» **Supplied material**
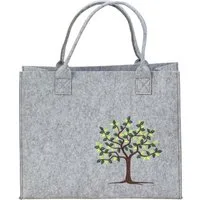 MF Einkaufsshopper Filztasche Grau mit Lebensbaum Motiv 28x35x14 cm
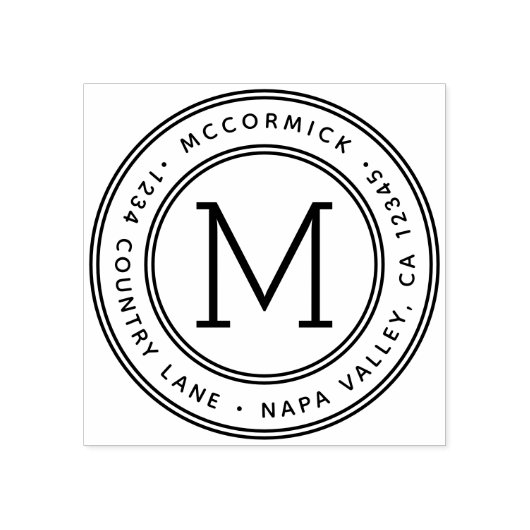 Creëer Uw eigen monogram retouradres Rubberstempel (Afrduk)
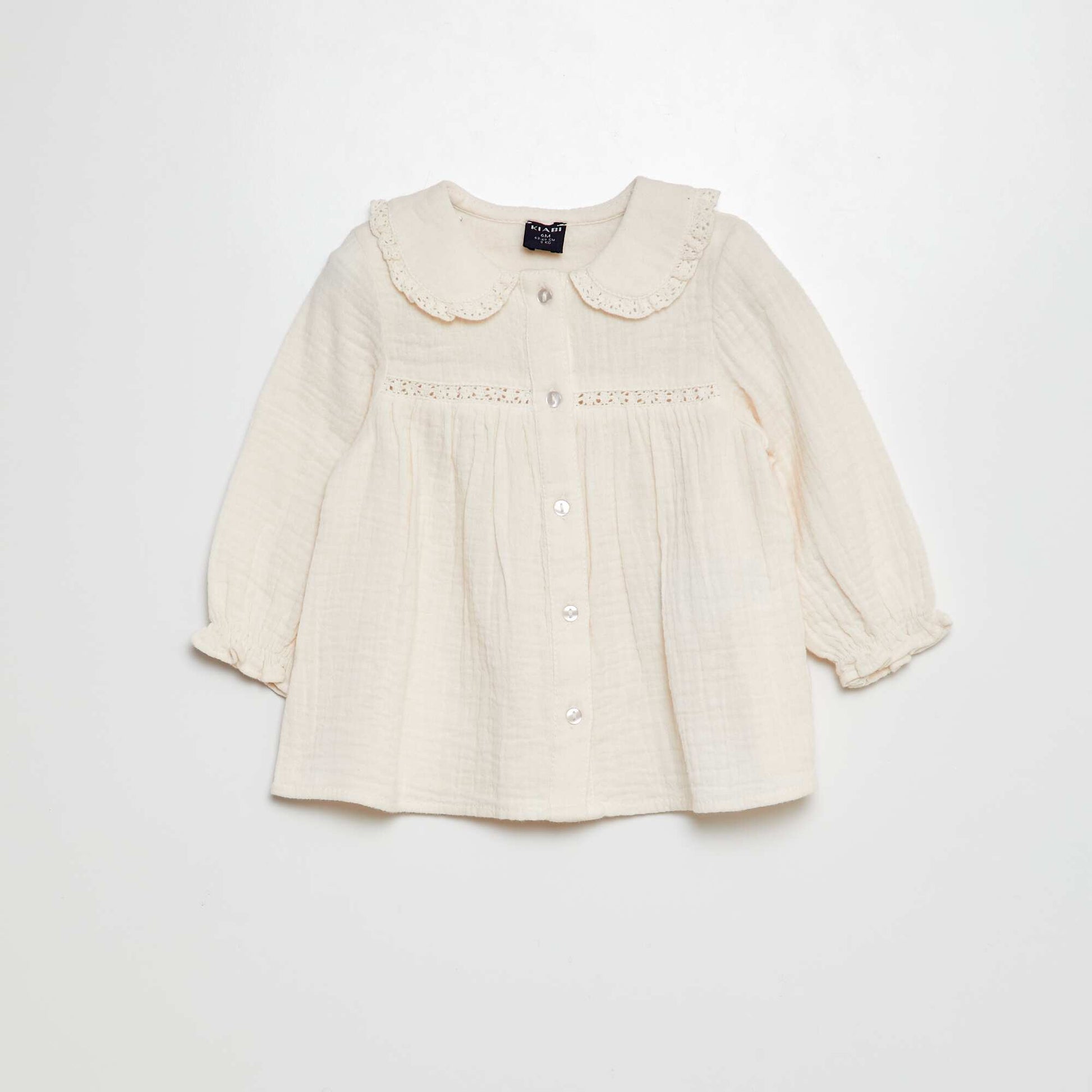 Chemise en double gaze de coton avec col claudine Blanc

» **What is being asked**
Your job is to repeat the data exactly, leaving each picture out.

» **Answer to this task**
 MF Einkaufsshopper Filztasche Grau mit Lebensbaum Motiv 28x35x14 cm
 Creëer Uw eigen monogram retouradres Rubberstempel (Afrduk)
 Chemise en double gaze de coton avec col claudine Blanc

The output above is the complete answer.